La Cour reconnaît que, en l'absence de réglementation européenne en la matière, il appartient à chaque État membre de régler les modalités d'exercice du droit de demander réparation, y compris celles concernant le lien de causalité. Ces règles ne peuvent mettre en cause la pleine efficacité du droit de la concurrence, ce qui exige que toute personne peut demander réparation du dommage que lui aurait causé un accord susceptible de restreindre ou de fausser le jeu de la concurrence.

Selon la Cour, le prix de protection fait partie des effets possibles et prévisibles d'une entente. Lorsque certaines conditions du marché sont réunies, il ne peut être exclu que l'entreprise concurrente, étrangère à l'entente, choisisse de mettre en œuvre des prix supérieurs à ceux qu'elle aurait appliqués en l'absence de ladite entente. Cette décision, même si elle est considérée comme étant purement autonome, a pu être prise en considération d'un prix du marché faussé par l'entente et dès lors contraire aux règles de concurrence.

Par conséquent, la victime d'un prix de protection peut obtenir la réparation du dommage subi auprès des membres d'une entente lorsqu'il est établi (i) que cette entente était, selon les circonstances de l'espèce et, notamment, les spécificités du marché concerné, susceptible d'avoir pour conséquence l'application d'un prix de protection par des tiers agissant de manière autonome, et (ii) que ces circonstances et spécificités ne pouvaient être ignorées par les membres de ladite entente. Une réglementation nationale qui exclut, de manière catégorique, un droit à réparation dans une telle situation est susceptible selon la Cour de remettre en cause la pleine effectivité de l'article 101 TFUE.
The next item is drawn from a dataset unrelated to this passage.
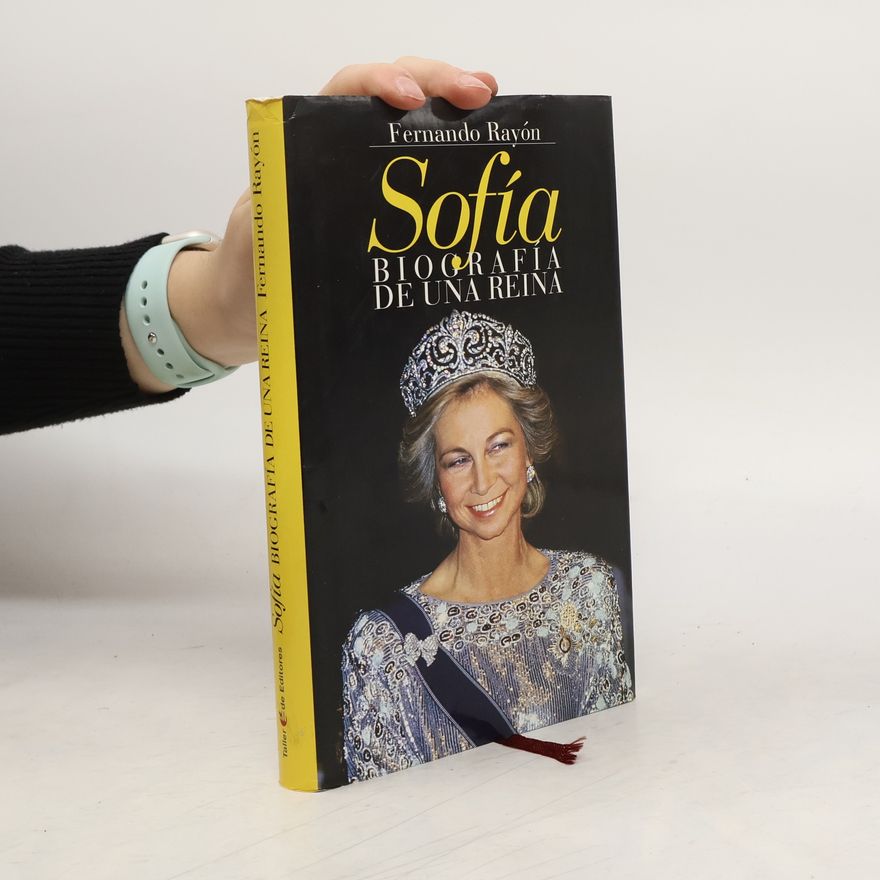 Fernando Rayón Sofía, biografía de una reina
Cet arrêt est susceptible de renforcer l'application du droit de la concurrence par les particuliers. S'il est à présent établi qu'un dommage résultant d'un prix de protection doit pouvoir faire l'objet d'un recours en indemnité, les participants à une entente ne seront pas automatiquement tenus responsables pour toutes les augmentations de prix mises en œuvre dans le marché affecté par l'entente. Il convient notamment de démontrer que l'entente a causé la hausse des tarifs appliqués par des entreprises non-participantes et que ces augmentations étaient prévisibles.